If you decide to go it alone, here are some Glickman Productions Event Tips to help guide you to an awesome event:


  • Considering a “green” venue for your next event? Great, but be sure the houselights are fully dimmable. Some energy-efficient lights aren’t.


  • Use headset mics rather than lavalieres for your presenters. When they turn their head while talking (and they will), you’ll still be able to hear them clearly.


  • Senior executives and VIPs often decline the suggestion to rehearse, but always retain time in the schedule for it… JIC.


  • A handheld IMAG camera with a skilled operator is worth its weight in gold at practically any large event.


  • Always conduct at least a portion of your rehearsal at full volume. It’s the only way to ensure your audio will work as planned.


  • Sky Lanterns are beautiful, but they're also illegal in many states. Check first.


  • Need to change part of your event onsite? Tell the Stage Manager—always your best bet to disseminate info.


  • While it may seem repetitive and cliché, starting your announcements with “Ladies & Gentlemen” will get your attendees’ attention.

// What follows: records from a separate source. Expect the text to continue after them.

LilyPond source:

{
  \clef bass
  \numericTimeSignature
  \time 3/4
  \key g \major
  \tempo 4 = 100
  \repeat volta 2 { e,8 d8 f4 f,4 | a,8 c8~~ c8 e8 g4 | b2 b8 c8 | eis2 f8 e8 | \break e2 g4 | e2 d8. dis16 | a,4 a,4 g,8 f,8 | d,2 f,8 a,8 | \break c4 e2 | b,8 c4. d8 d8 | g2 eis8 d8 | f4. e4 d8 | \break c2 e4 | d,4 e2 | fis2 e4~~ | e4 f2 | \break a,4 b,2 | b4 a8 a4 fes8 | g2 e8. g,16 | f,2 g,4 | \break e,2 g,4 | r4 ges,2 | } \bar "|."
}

  • Always fade the BGM before hitting the IR to roll a VOG.


  • Always explain industry jargon rather than sounding like a know-it-all. (BGM = Background Music; IR = Instant Replay Machine for Music Cues; VOG = Voice of God for Announcements)

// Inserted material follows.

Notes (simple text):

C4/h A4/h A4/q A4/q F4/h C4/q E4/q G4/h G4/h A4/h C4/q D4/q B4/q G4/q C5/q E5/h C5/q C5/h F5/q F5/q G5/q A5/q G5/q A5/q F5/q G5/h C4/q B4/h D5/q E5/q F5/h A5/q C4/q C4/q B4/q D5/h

  • Never underestimate the power of a surprise ending to enthrall your audience. Then sit back and let the viral buzz begin.

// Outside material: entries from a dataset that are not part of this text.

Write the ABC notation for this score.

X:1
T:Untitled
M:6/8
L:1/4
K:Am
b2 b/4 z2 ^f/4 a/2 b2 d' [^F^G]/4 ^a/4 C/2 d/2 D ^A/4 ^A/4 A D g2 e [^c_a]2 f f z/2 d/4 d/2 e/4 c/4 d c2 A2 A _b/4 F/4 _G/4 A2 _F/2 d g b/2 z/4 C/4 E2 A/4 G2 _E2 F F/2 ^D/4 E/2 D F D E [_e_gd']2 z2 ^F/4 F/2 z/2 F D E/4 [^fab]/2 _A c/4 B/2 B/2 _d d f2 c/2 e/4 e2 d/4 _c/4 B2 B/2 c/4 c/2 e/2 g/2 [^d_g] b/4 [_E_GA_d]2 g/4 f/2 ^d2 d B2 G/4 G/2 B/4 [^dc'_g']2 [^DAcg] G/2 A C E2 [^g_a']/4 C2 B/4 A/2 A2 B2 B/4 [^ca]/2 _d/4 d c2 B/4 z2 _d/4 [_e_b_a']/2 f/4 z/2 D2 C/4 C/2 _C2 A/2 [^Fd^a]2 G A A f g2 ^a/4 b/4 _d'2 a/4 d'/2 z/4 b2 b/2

  • To achieve shake-free camera shots, place stanchions around your video camera platforms to keep attendees at a distance.


  • For the smoothest show, let the production company walk your CEO or star through the show flow. Comfort levels skyrocket.


  • For crucial show communication, build in double redundancy (e.g. ClearCom; 2-Way Radios; Hand Signals). Some day, it'll save you.


  • Always attend rehearsals. It may not be convenient, but you’ll be able to walk away with peace of mind—or you can provide needed advice.


  • Want your big event archived? Hire 2 videographers and 2 photographers. That way, if something goes awry with one of them, you’re covered.


  • If you need to use Keynote or PPT, limit each slide to 3 bullets. It helps with readability, comprehension and engagement (i.e. keeping people awake).


  • Is your client writing a program script? Save time by giving them this simple Intro Template: “Please welcome the (Title), (Name).”


  • Want something at your event to happen on cue? Cue it. Talent or presenters who say they can “cue themselves” often miss it.


  • Ask a presenter where they plan to walk. Simple question, but if they walk in front of audio speakers, you’ll need to know that.


  • Moving lights are a great show enhancer, but be sure they don’t land and lock in a guest’s eyes. It’s less than enlightening.


  • Using atmosphere talent for an event? Choose carefully between those who create queue lines and those who don’t. Queues need attention.


  • Do a sound check with everyone who will be speaking. We’ve seen big burly guys talk like Mike Tyson. Good to know in advance.


  • Scouting ballrooms? Make sure the houselights have a remote. Some older properties don’t, which can really hinder an event.


  • To have your handheld video camera ops blend into the scene, costume them like the performers or attendees around them.


  • Always conduct a true dress rehearsal. Don’t wait until the show to discover that Nathan can’t actually change costumes in 7 seconds.


  • When syncing any video content to music, know that sync licensing has become a major and expensive factor. Do your homework first.


  • When your event ends, tell the audience it has ended. Even a Thanks/Goodbye VOG works. Otherwise, they’ll often remain, wondering what’s next.